NFTs have begun to infiltrate popular culture in a variety of ways. Saturday Night Live parodied them, and high-profile celebrities like rapper Snoop Dogg and NBA great Stephen Curry endorsed them. Each week, public marketplaces like Foundation, OpenSea, and Nifty Gateway, as well as custom-built applications like NBA Top Shot and VeVe, sell hundreds of millions of dollars in NFT.
However, many people are perplexed as to how internet tokens could be worth anything at all, especially when many of them simply indicate “ownership” of an online image or animation that you could theoretically download for free.

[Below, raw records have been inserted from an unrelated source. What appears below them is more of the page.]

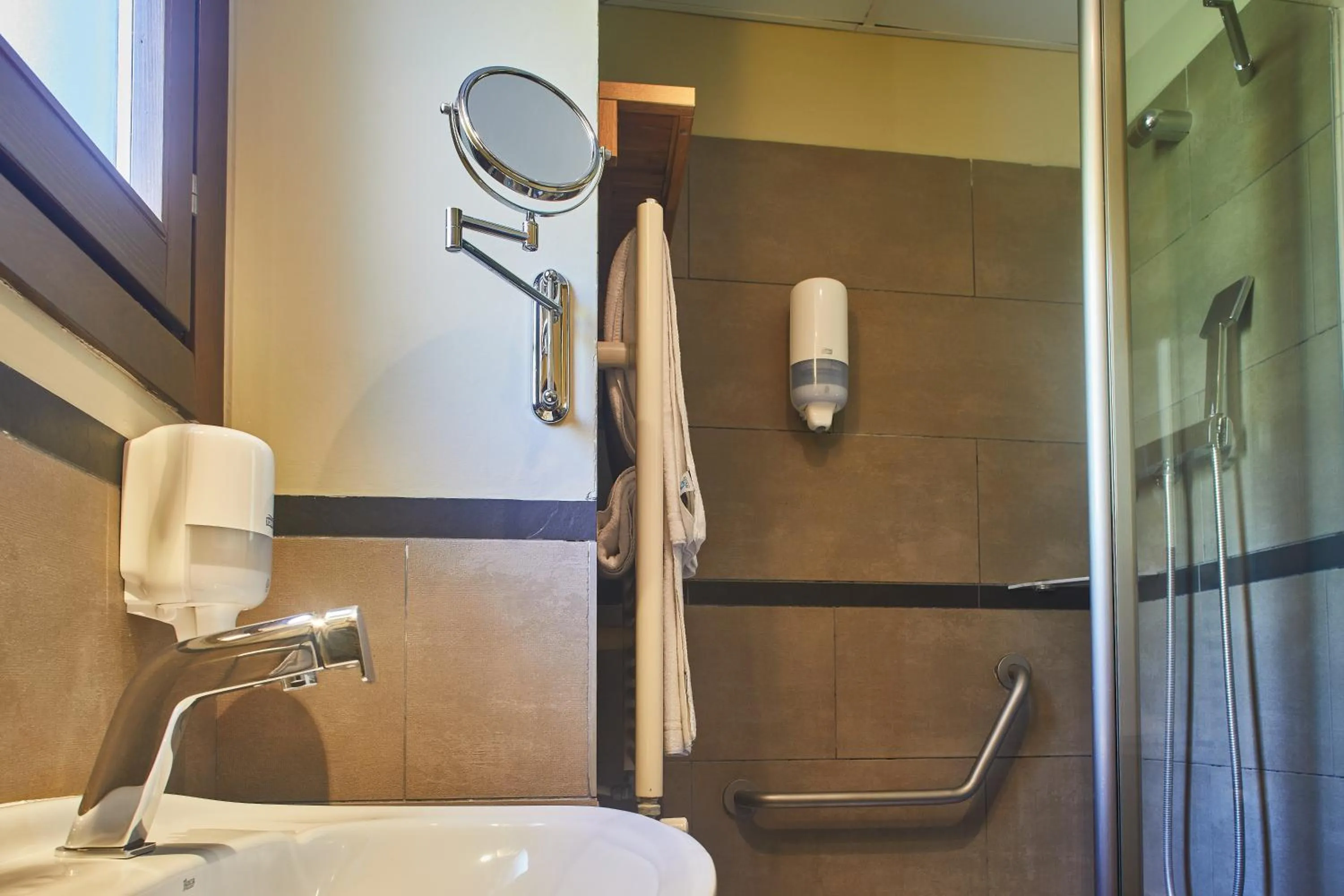 Toilet in Silken Ordesa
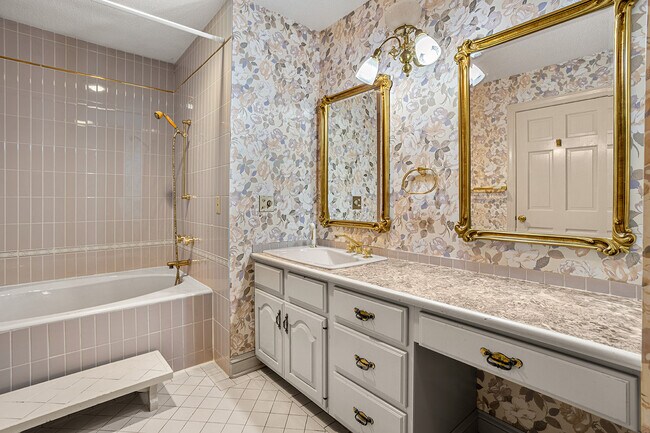 Building Photo - 274 Elkins Rd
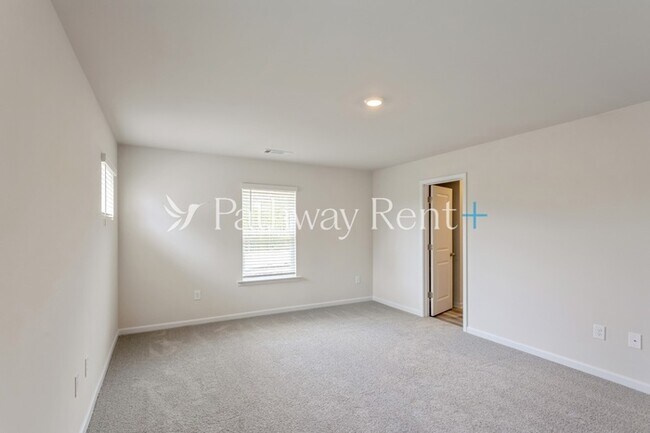 Building Photo - 608 Mackenzie Cv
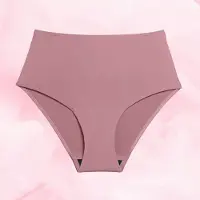 Libresse Menstruser med høy midje for dager med lett mens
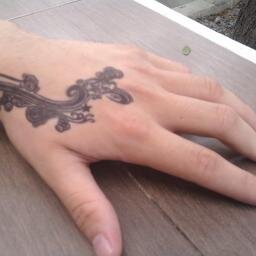 Jatheen_Royth's profile picture. Im a walking Smiley, sometimes Grumpy - A Music Junkie - Another Wannabe. Story teller , Soul searcher and Lost Explorer.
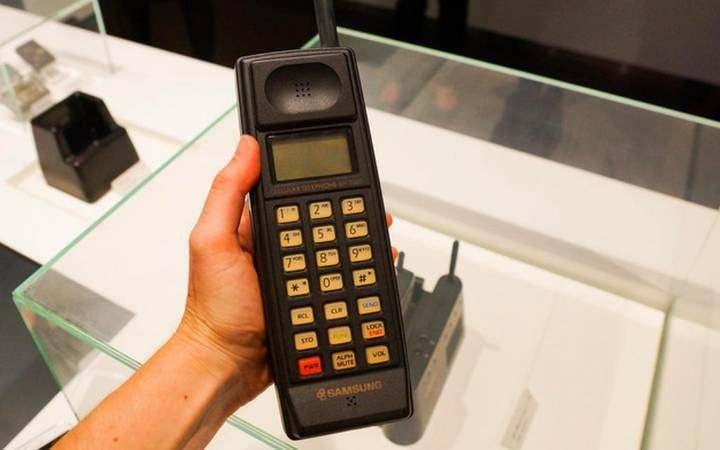 <p>Türkiye'deki ilk cep telefonu görüşmesinin üzerinden 30 yıl geçti!</p>
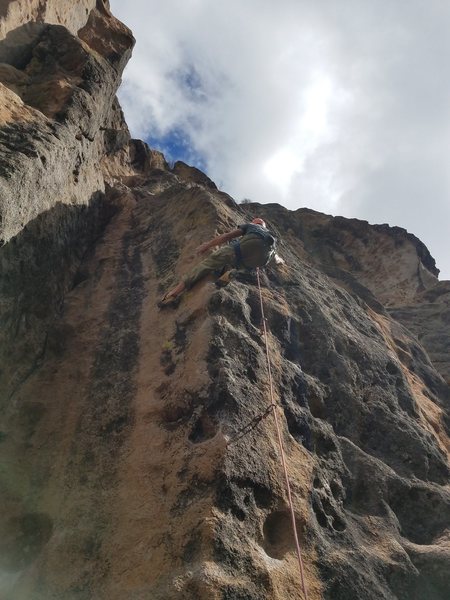 Some alternate beta going static to reach the hold by the third bolt.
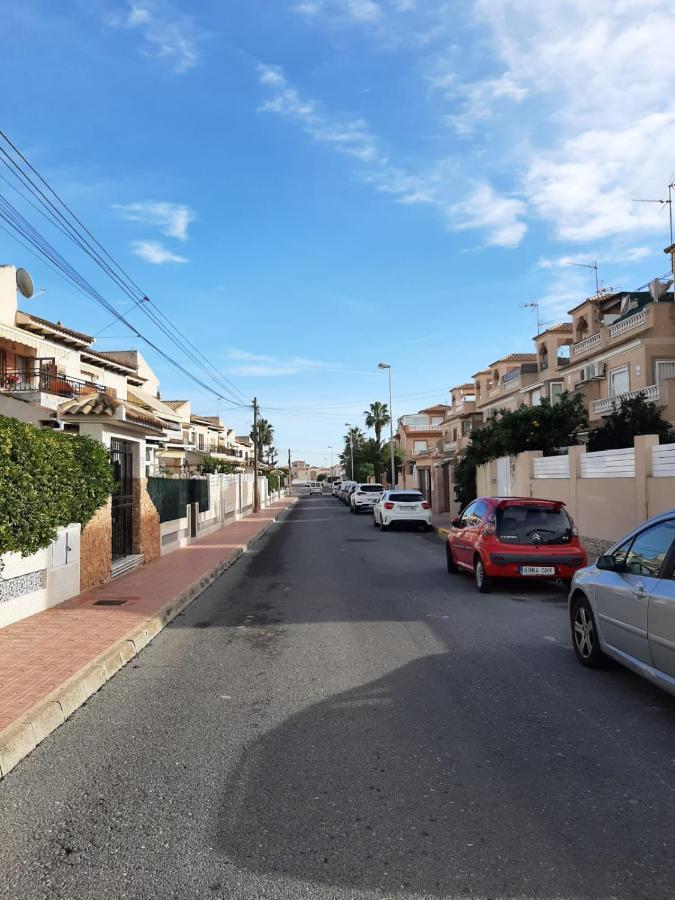 Casa Chloe, Urbanizacion Privada Villa Torrevieja Eksteriør billede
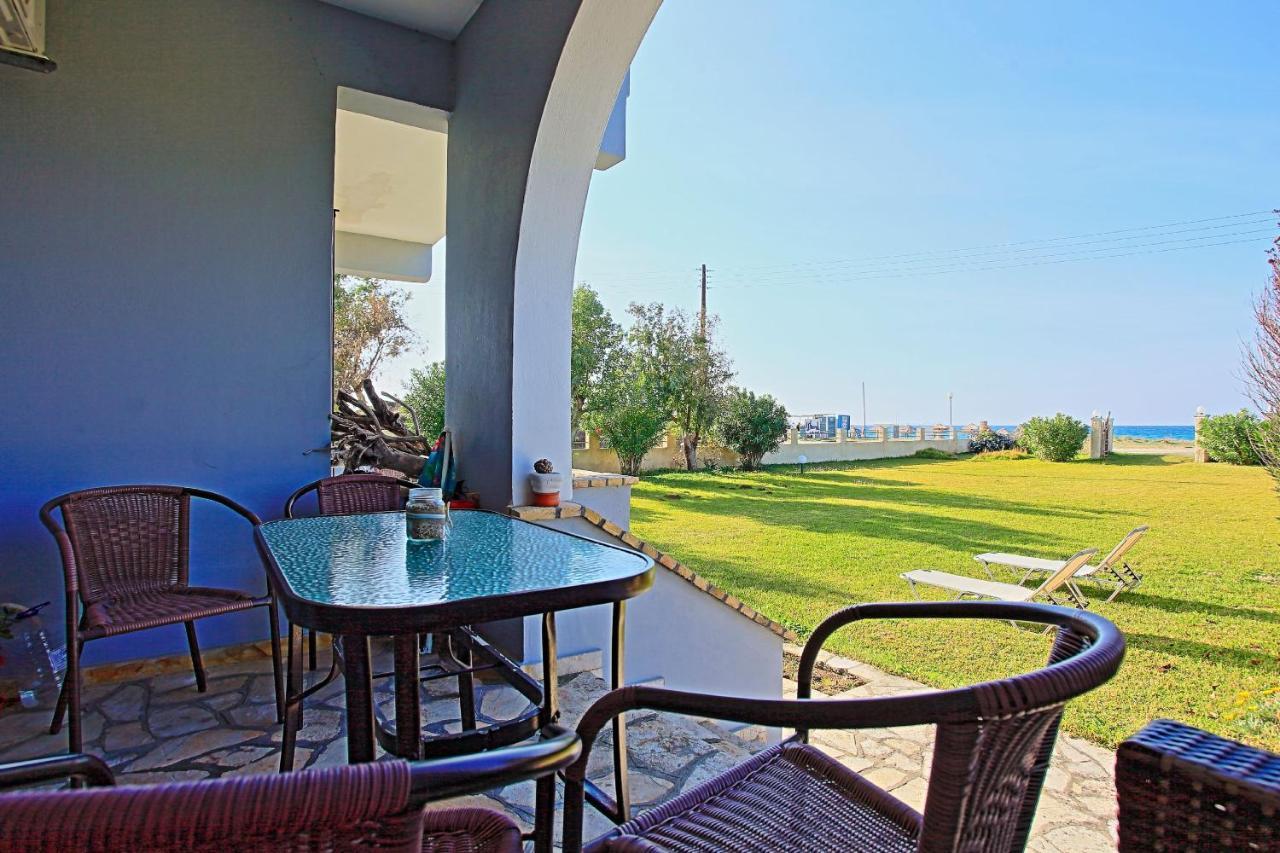 Villa Maria On The Beach Ахараві Екстер'єр фото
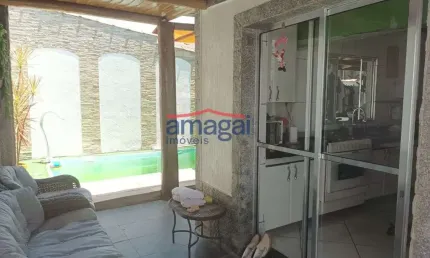 Casa com 2 quartos à venda no parque meia lua, jacareí  por r$ 530.000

NFTs as a tool for market design
NFTs have profoundly altered the digital asset market. Previously, there was no way to distinguish between the “owner” of a digital artwork and someone who simply saved a copy on their computer. Markets cannot function without clear property rights: before someone can buy something, it must be apparent who has the right to sell it, and once someone has bought it, ownership must be transferred from the seller to the buyer. NFTs alleviate this difficulty by providing a tangible representation of ownership that both parties can agree on. They enable markets to be built around new forms of transactions, such as buying and selling things that could never be sold before, or allowing transactions to take place in more efficient and useful ways.
Each NFT is a one-of-a-kind digital thing, as the name “non-fungible token” implies. They’re maintained on blockchains, which are public-facing digital ledgers that make it easy to prove who owns a certain NFT at any given time and trace the history of previous possession. Furthermore, it is simple to transfer NFTs from one person to another — just as a bank can move money between accounts — and counterfeiting them is difficult. We can utilise NFTs to develop markets in a variety of things because ownership is simple to certify and transfer.
Advent of NFT ecosystems
The digital art market, as mentioned above, and digital collectables platforms, such as Dapper Labs’ NBA Top Shot, which allows users to collect and exchange NFTs of exciting plays from basketball games — videos called “moments,” which are effectively digital trading cards — are the most well-known examples. Top Shot has been incorporating gamified challenges and other reasons to buy the cards that go beyond their collector value, even hinting that moment holders may earn real-world rewards from the NBA in the future.
But, more recently, a model of active ecosystem-building around NFT-native qualities has emerged, leading to the creation of new organisations exclusively within the NFT sector. These goods begin with the NFT series, but they follow a roadmap that allows NFT holders to get access to a growing number of products, activities, and experiences. Initial and future NFT sales revenue is reinvested in the brand, allowing it to fund greater ambitious projects, which in turn raises the value of the NFTs itself.
NFTs and leverage of community users
Early adopters, like any new product, serve as product advocates and a source of early feedback. However, when it comes to NFTs, these users play an even more important role: their decision to embrace the NFTs essentially imbues them with meaning and creates their initial worth.
NFT projects that lack a strong user base may struggle to get off the ground or may swiftly collapse when all token holders lose interest. As a result, if an NFT project’s value proposition isn’t obvious enough from the start, it may struggle to attract a large enough — or the proper — community. The lack of involvement might subsequently become a self-fulfilling prophecy, lowering the value of NFTs.